I have seen two of their trailers. Not overly impressed with the quality. Like Bill says, you get what you pay for. The price difference between these and other, higher quality, trailers is not that significant and the extra money spent would probably be a good investment. A used Jones, Aniley, Deerskin?.. would probably be in line with the price of a new DD trailer.


----------



## Ben Hucks (May 11, 2004)

*trailer*

I will give a first hand objective from someone who is in the business.......
I just had the fellow that owns Red Wing Hound Haulers leave our shop with some boxes that were headed to the west coast. While the boxes were being loaded i was all over the trailer looking at the construction. So here goes..... it was a 22 dog compartment gooseneck tandem axle trailer that had around 600k miles on it. I thought the overall layout of the trailer was very nice, the constructrion was good although some of the welds were breaking in the places that you could tell were stress points. The box was mostly welded alum. that was spot welded to alum. tubing.
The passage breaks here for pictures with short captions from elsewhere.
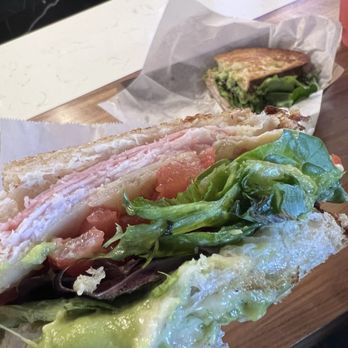 Parfait Paris - Turkey Club Sandwich - Desserts Near Me - San Diego, California
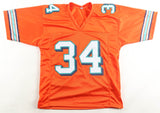 Ricky Williams Signed Miami Dolphins Jersey Inscribed "Puff, Puff, Run" /Beckett
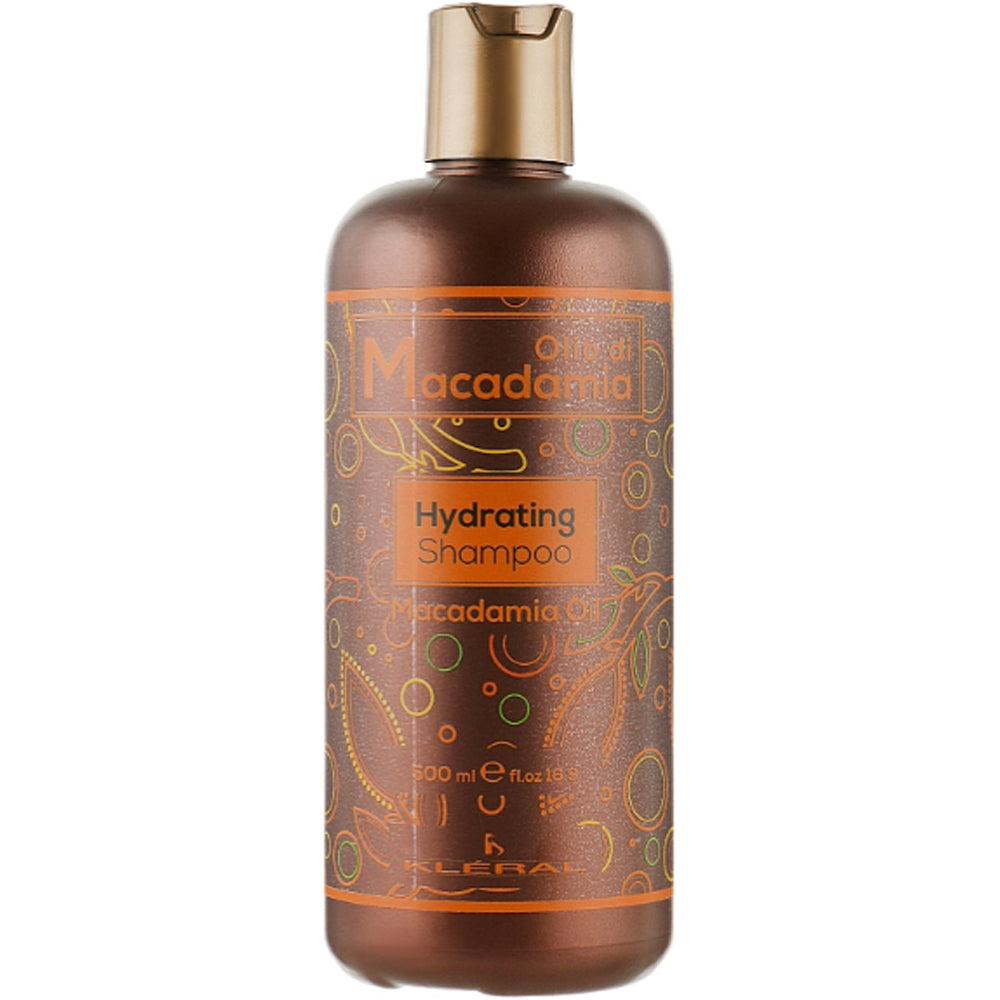 Kleral System Macadamia Hydrating Shampoo - Увлажняющий шампунь с маслом макадамии
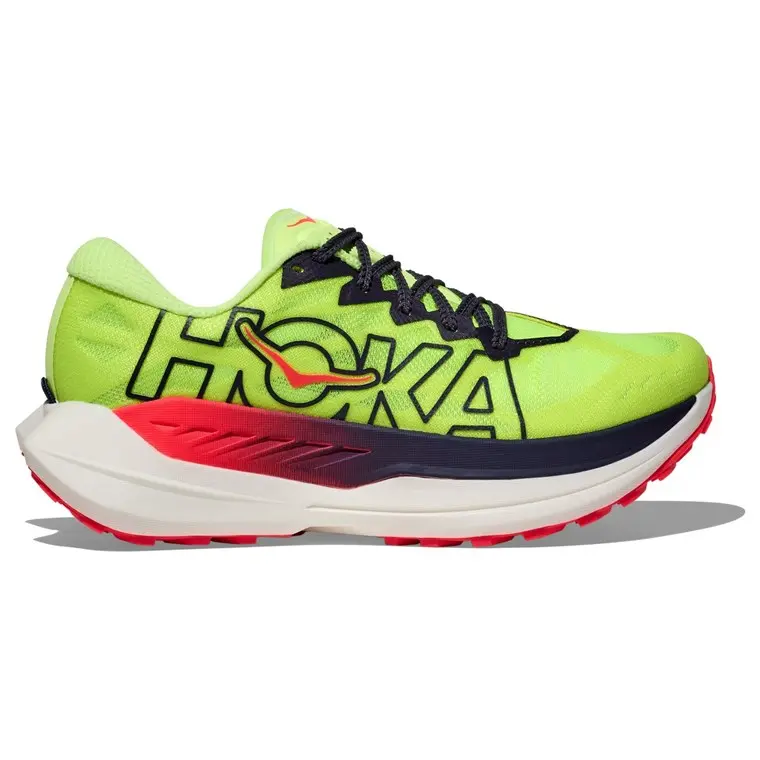 Hoka M Rocket X Trail Neon Yuzu/Neon Flame
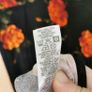 Rose print dress UK 8-10 Image 6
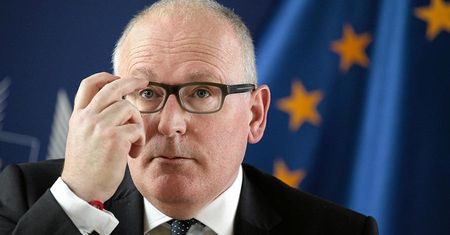 NA ŻYWO Wspólna konferencja Morawieckiego i Timmermansa
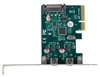 Picture of Karta sieciowa PCI EXPRESS X1 -> 2X USB-C 3.2 GEN 2X1 led low profile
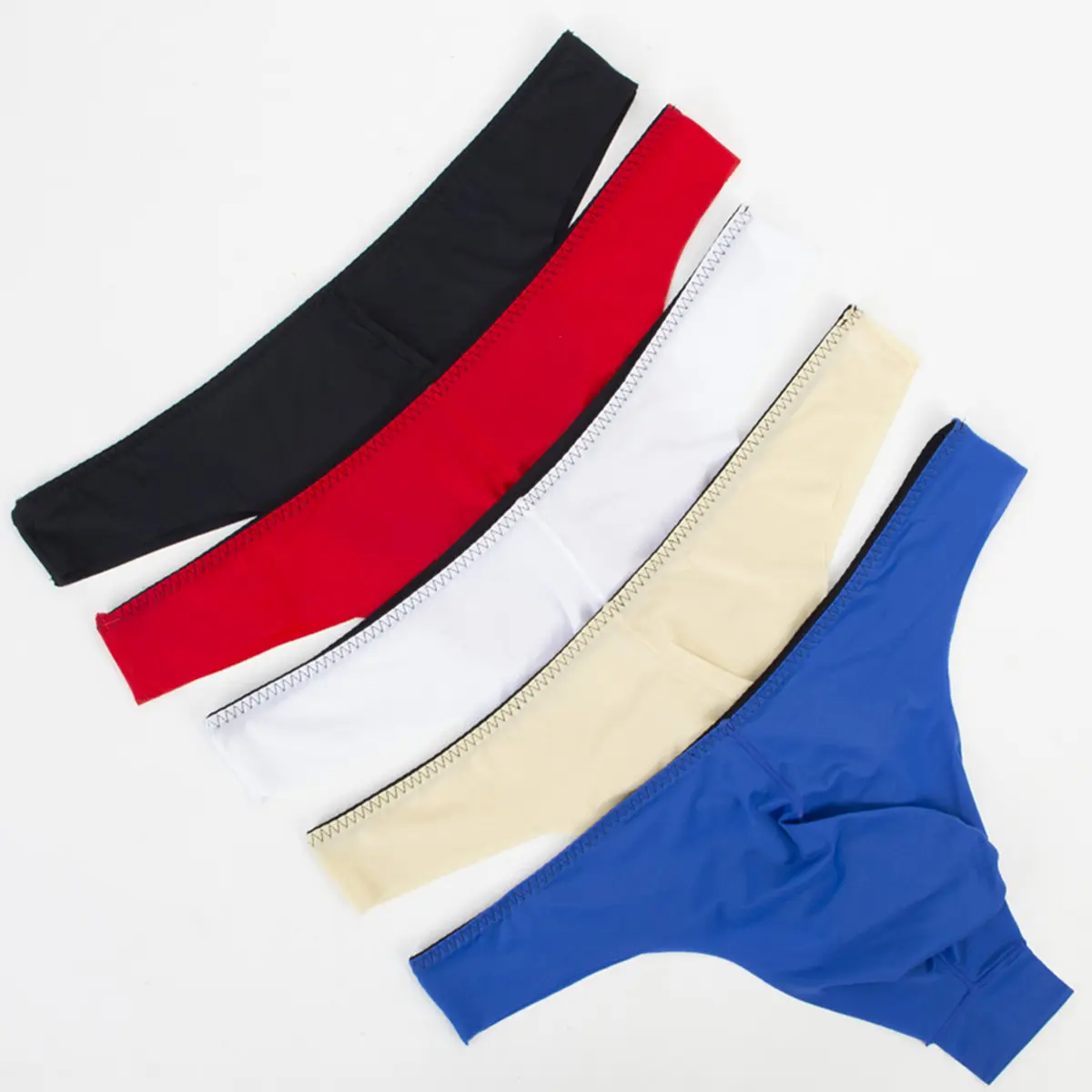 Men's briefs, comfortable and breathable, low-rise underwear, 35-pack, multiple sizes available.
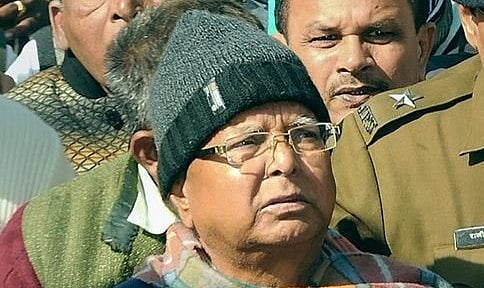 सजा के बाद लालू यादव ने कहा, बीजेपी से हाथ मिलाने की बजाय लड़ते हुए मरना पसंद 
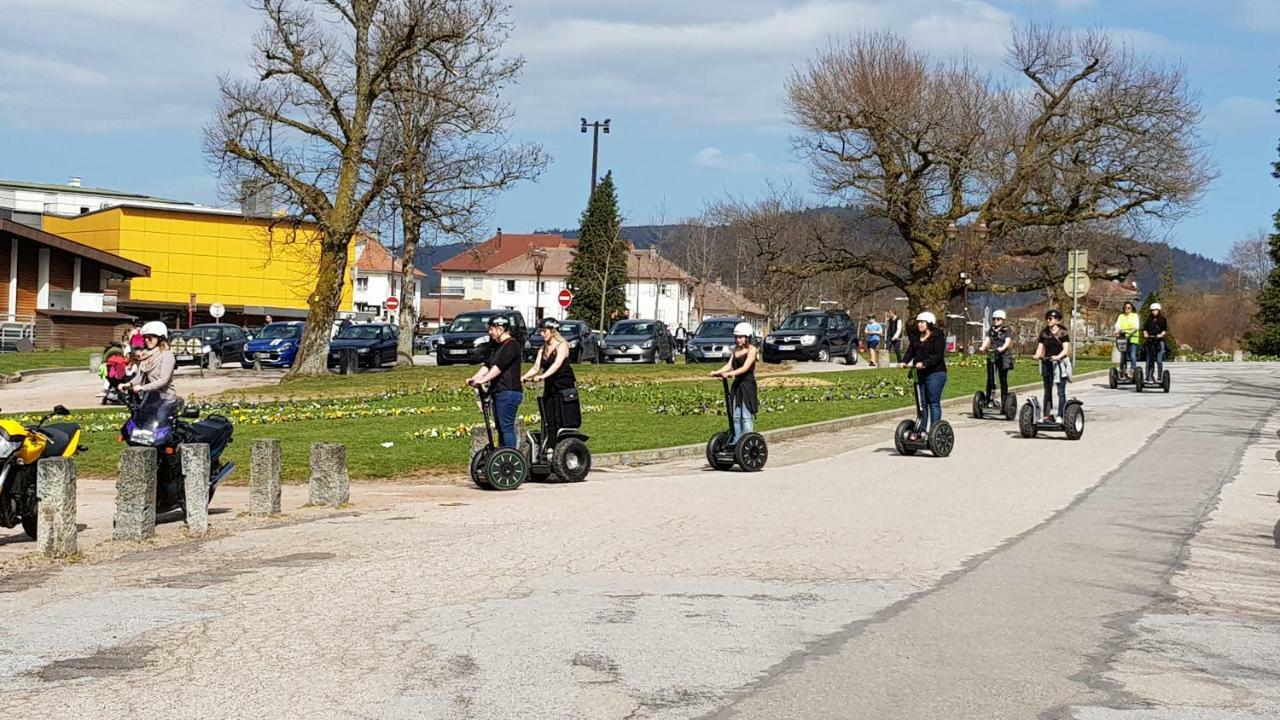 les dryades Gérardmer Extérieur photo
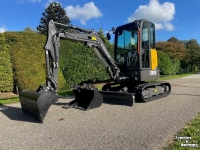 Rupskraan / Graafmachine op rupsen Volvo Volvo Volvo ECR25D kraan graafmachine excavator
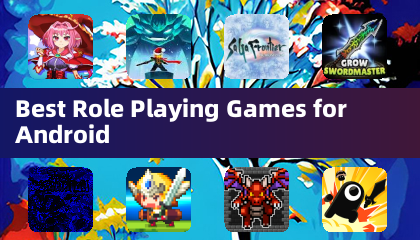 Pinakamahusay na Role Playing Games para sa Android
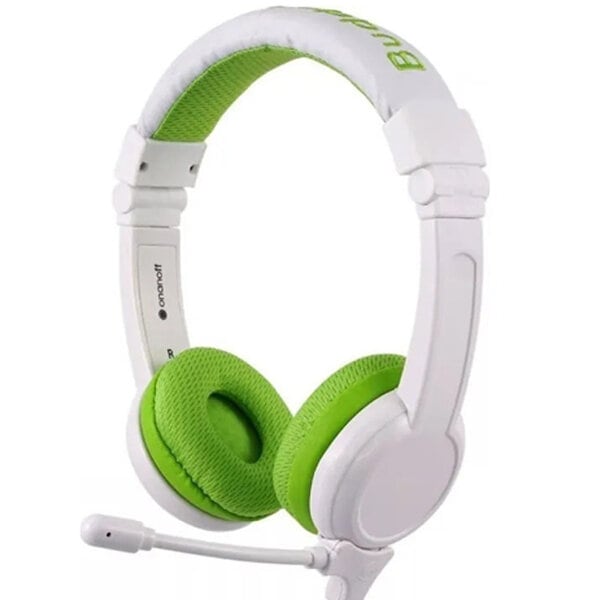 BuddyPhones onandoff School -Green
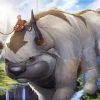 Appa Character paint by numbers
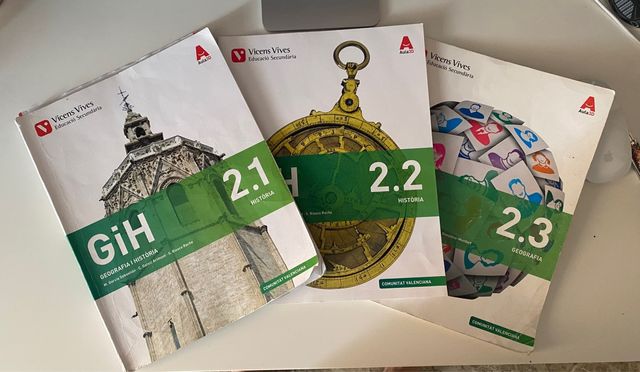 GEOGRAFIA I HISTÒRIA 2 ESO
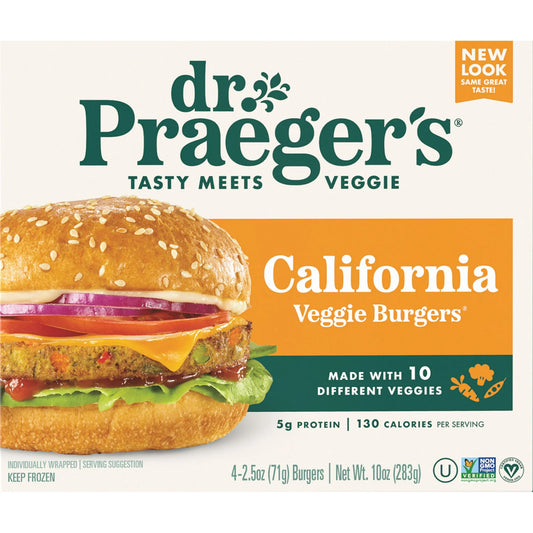 DR. PRAEGER CALIFORNIA VEGGIE BURGERS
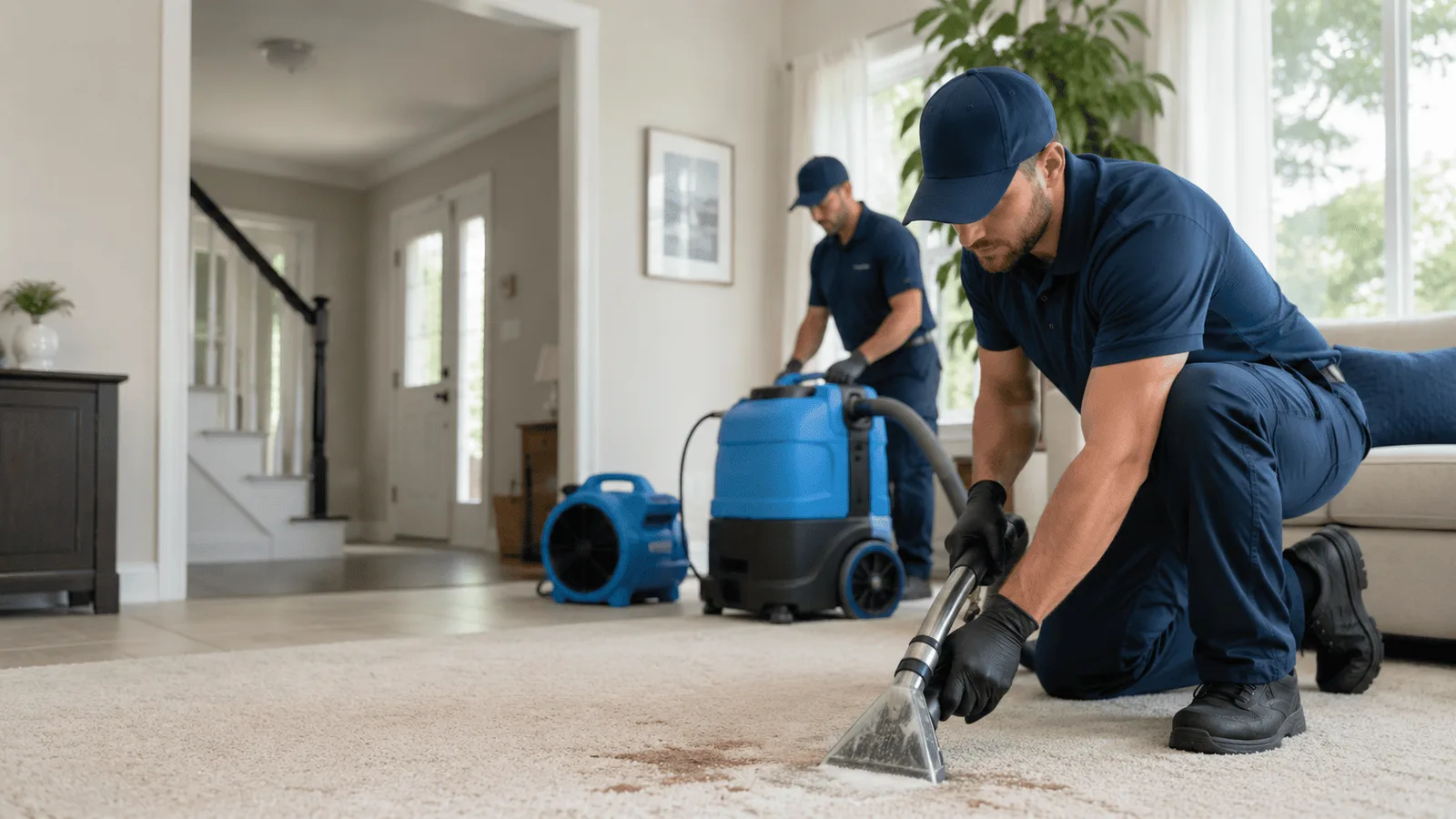 Pet Stain Carpet Cleaning in Eustace, TX near me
The tubing looked to be about .063-.080 thickness that was mig welded all external welds were tig welded. Most all of the insulation had come out as it was a corragated plastic that had been liquid nailed to the interior walls. The interior was mostly expanded metal welded to the tubing. It had vents in every hole and the ventelation seemed to be good. The only thing that i was very surprised in was the wiring on the trailer had no protection and the owner said he had allot of problems with the lights shorting out from cut wires. Those are the facts as i saw them , i hope this helps.... for the amount of miles the trailer had on it i thought it had help very well.


----------



## Ron Schuna (Jan 22, 2004)

*Thank!*

All,

Thanks for your input. I am shopping and am trying to get information on all of the mfg's. Every one of the trailer makers got a start somewhere so I'm just trying to make an informed decision. Dog safety is number one and astetics is number two as far as I'm concerned.


----------